After all was said and done, the film skated by with a box office of $209 million – far below Disney’s estimates. The critics tore the story apart, which hurt the movie pretty bad. Sales were made up a little when it went to DVD and Blu-Ray, but by then, the execs had decided to completely abandon the project.
Today, we know Fantasia to be an amazing movie, and it has a huge cult following. Unfortunately, that wasn’t always the case. When the movie was released in 1940, it was the most expensive film Disney had ever made. It cost over $2 million to make, which was a massive amount of money just before WWII started.
WWII played a huge role because people just weren’t going to the theaters. It didn’t matter that it wasn’t critically acclaimed or hailed as a “masterpiece.” People were either overseas fighting or working to support the troops.

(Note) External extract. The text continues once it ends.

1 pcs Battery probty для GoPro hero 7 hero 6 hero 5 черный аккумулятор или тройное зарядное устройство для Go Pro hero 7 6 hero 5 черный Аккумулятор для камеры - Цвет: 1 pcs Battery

Today, it’s considered a success, but when was it released? One of the biggest flops Disney ever had.
Alice Through the Looking Glass (2016)
It really seemed like the Alice in Wonderland series could have been something, but then Disney got lazy. They just banked on the fact Johnny Depp, Helena Bonham Carter, and Tim Burton would bring in money and didn’t try as hard on the story. It was even nominated for Razzie awards!
The film wasn’t cheap, either. The production budget was $170 million. Sadly, Disney won’t learn from this cash grab. They earned nearly $300 million from it, although they knew the Alice in Wonderland franchise was dead in the dirt. It’s a trick you can only pull on audiences once…at least per franchise.
John Carter (2012)
John Carter was a massive risk, and it wasn’t one that paid off. Critics panned it for not being original and the characters being dull. The film didn’t even catch audiences when the trailer was released. That’s when Disney knew something was up. They started a huge marketing campaign, but John Carter was a flop.

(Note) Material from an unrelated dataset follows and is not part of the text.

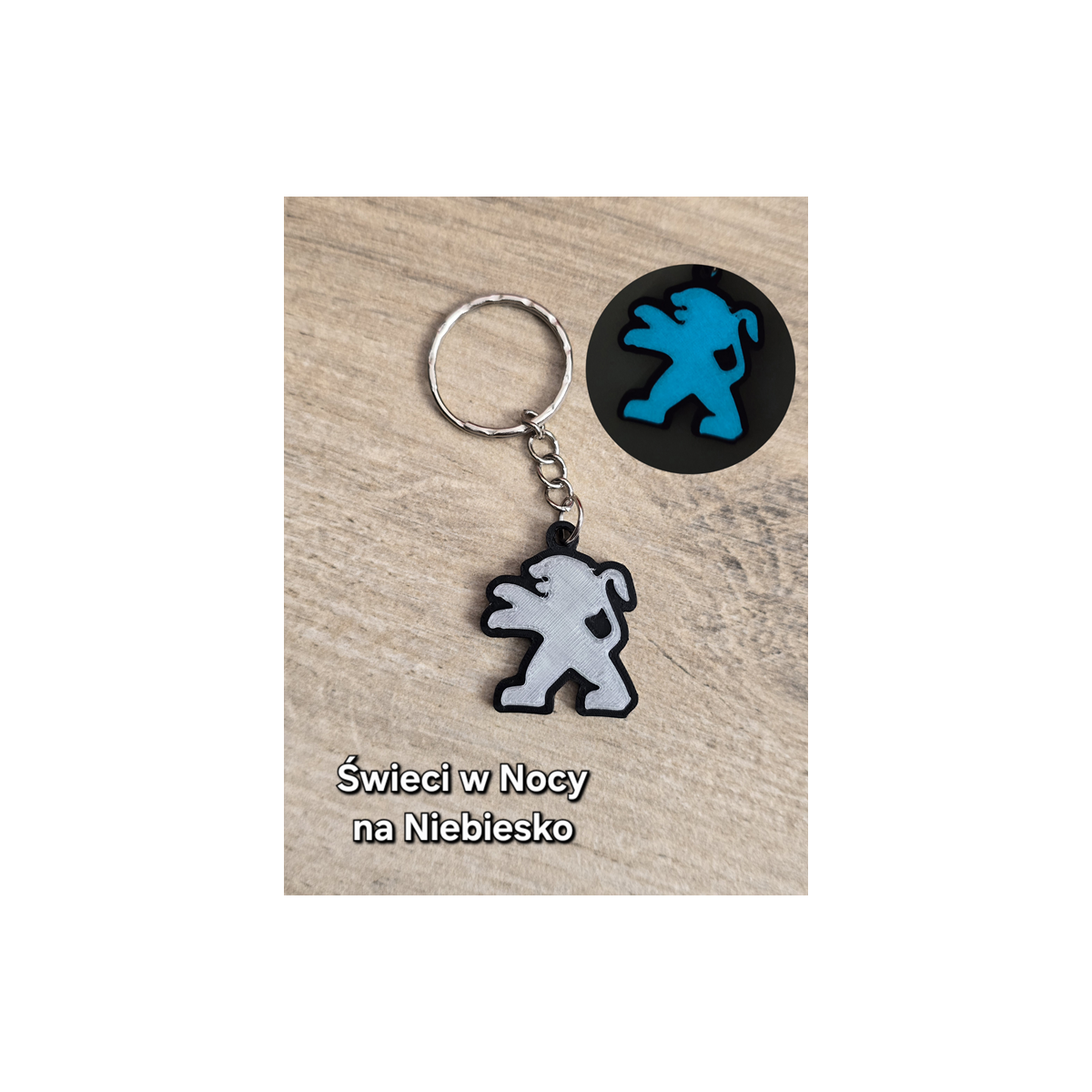 Breloczek Peugeot - Świeci w Nocy! 3d - Druk3d fidget Keychain mixGadzet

It cost a shocking $306 million to make but only brought in $284 million. While not many movies on this list cost people their jobs, this is one did. Rich Ross was the one that approved the film for production, and after its massive failure, he was forced to resign from his role as head of Walt Disney Studios.
The Black Cauldron (1985)
This film has a huge cult following today but in ’85? It was a flop. The Black Cauldron was the new film to take the title of “most expensive to make” thanks to a price tag of $44 million! Disney had high hopes until the box office numbers started rolling in. It made $21 million…worldwide. Definitely not a win.

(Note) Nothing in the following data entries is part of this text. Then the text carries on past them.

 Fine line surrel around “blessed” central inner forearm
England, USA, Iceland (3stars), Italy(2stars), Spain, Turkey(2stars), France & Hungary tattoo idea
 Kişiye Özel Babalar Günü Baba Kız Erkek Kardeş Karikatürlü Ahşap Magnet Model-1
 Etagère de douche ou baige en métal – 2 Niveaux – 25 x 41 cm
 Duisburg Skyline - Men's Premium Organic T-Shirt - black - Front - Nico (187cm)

The film came out the same year as The Care Bears Movie, which actually outperformed this (now) Disney classic. It was so bad, that it’s said The Black Cauldron almost killed Disney. That’s a pretty infamous reputation. It took over five years to produce, but it was all worth it in the end because we love it today.
The Alamo (2004)
Remember the Alamo…but not the movie. The movie was utterly terrible. We’re not going to touch on its historical accuracy of it. Today, it sits at a 29% Rotten Tomatoes score, which is pretty low for a Disney movie. Critics and audiences panned it for being “too conventional and un-involving to be memorable.”
After the opening weekend, it was a massive flop and was overshadowed by The Passion of the Christ. The film had a budget of $107 million, but the box office barely reached a quarter of that. It earned $25.8 million, making it one of Disney’s biggest flops in cinema history. Hopefully, they learned from this one.
Mars Needs Moms (2011)
Did you forget about this one? Disney probably hasn’t. They probably have it on their walls as what not to do. As soon as audiences got images of this movie, they knew that something was off. The animation style brought that Uncanny Valley feeling that runs a shiver down your spine.
Maybe it wouldn’t have been so bad if they used the classic style, but here we are. The film cost a massive $150 million budget and it returned $39 million. It was so awful that it caused Disney to ultimately shut down one of the production companies that helped make it, ImageMovers Digital.